Introduction (20 points)

The introduction will be worth 20 points and needs to include the following:

  • The Motivation/Significance (10 points)

    • What is the observed problem

    • What does this contribute to?

  • Research Question (10 points)

Lit Review (20 points)

The lit review will be worth 20 points and needs to include the following:

  • A comprehensive review of the lit based on your topic (10 points)

    • You need to cite a minimum of 5 academic articles

      • You will lose 2 points for every article below the minimum
  • You need to address the gap: where does your question settle in the literature? (10 points)

    • You do not need to provide a huge or original contribution, but what just think what does answering your question add that you think is missing?

Hypotheses (10 points)

  • You need to include at least 1 hypothesis and it needs to be testable with the data you have selected

Data Description (10 points)

  • description of the observations in the data set,

    • What is your independent variable? (3 points)
      • How was it measured? (1 points)
      • How was it collected? (1 points)
    • What is your dependent variable? (3 points)
      • How was it measured? (1 points)

      • How was it collected? (1 points)

Data Summary + Regression (20 points)

  • Data Summarization (10 points)

    • Two different data visualizations (5 points/2.5 points each)

    • Description of averages, medians, etc. (5 points)

  • Regression Model (10 points)

    • One simple regression model (5 points)

    • One mulitivariate regression model (5 points)

Conclusion (20 points)

  • Discussion of the results (10 points)

    • Provides a detailed and accurate discussion of the results from the models.
  • Summary of everything (10 points)

    • Provides a summary of the full report

    • Essentially, put a nice bow and wrap up the paper

Total 100 pts
Introduction 20 pts
Lit Review 20 pts
Hypotheses 10 pts
Data Description 10 pts
Data Summary + Regression 20 pts
Conclusion 20 pts

Slides (25 points)

The final report will include a pdf version of the teams presentation of the project.

This will be graded for completion, so if submitted completed full points will be awarded.

Team Contributions (25 points)

The final report will include a summarization of all the team contributions to the project. Each member is required to submit a paragraph on their contributions to the overall project.

IMPORTANT: NO TEAM MEMEBER CAN BE SOLEY RESPONSIBLE FOR THE CODING

This will be graded for completion, so if submitted completed full points will be awarded.

Edit Report (25 points)

The final report will include a summarization of all the edits team made to the final project. this should be about a page no more.

This will be graded for completion, so if submitted completed full points will be awarded.

Final Report Code (25 points)

The final report will include a reproducible document of your code, submit the .qmd file with the code

This will be graded for completion and reproduceability, so if submitted completed and runs with no errors, full points will be awarded. If submitted completed and runs with errors are found, half points will be awarded.

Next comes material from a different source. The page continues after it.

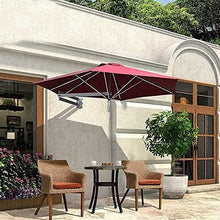 RWGOVLU Outdoor Patio Umbrellas Outdoor Round Wall Mounted Parasol, Patio Garden Balcony Yard Umbrella, Tilting Sunshade Wall Umbrella with Aluminium Frame, 7.2ft/2.2m, Wine Red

Click here for a PDF of the full Final Project Report rubric.

Presentation

Slides

In addition to the written report, your team will required to create presentation and present in class to summarize and showcase your project. You will need to introduce your research question and data set, showcase visualizations, and discuss the primary conclusions. The presentation should be around 10 - 12 minutes long. Every group member needs to speak at least once. If there is a complication with this, please come to me as soon as possible.

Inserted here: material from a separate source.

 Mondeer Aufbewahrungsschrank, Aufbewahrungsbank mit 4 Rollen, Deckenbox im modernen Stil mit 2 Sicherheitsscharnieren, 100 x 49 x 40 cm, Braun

For submission, convert these slides to a .pdf document, and submit the PDF of the slides on canvas.

The slide deck should have no more than 6 content slides + 1 title slide. Here is a suggested outline as you think through the slides; you do not have to use this exact format for the 6 slides.

  • Title Slide
  • Slide 1: Introduce the topic and motivation
  • Slide 2: Introduce the data
  • Slide 3: Summary of Data
  • Slide 4: Final model
  • Slide 5: Interesting findings from the model
  • Slide 6: Conclusions

Late work policy

There is no late work accepted on the final project report. Be sure to turn in your work early to avoid any technological mishaps.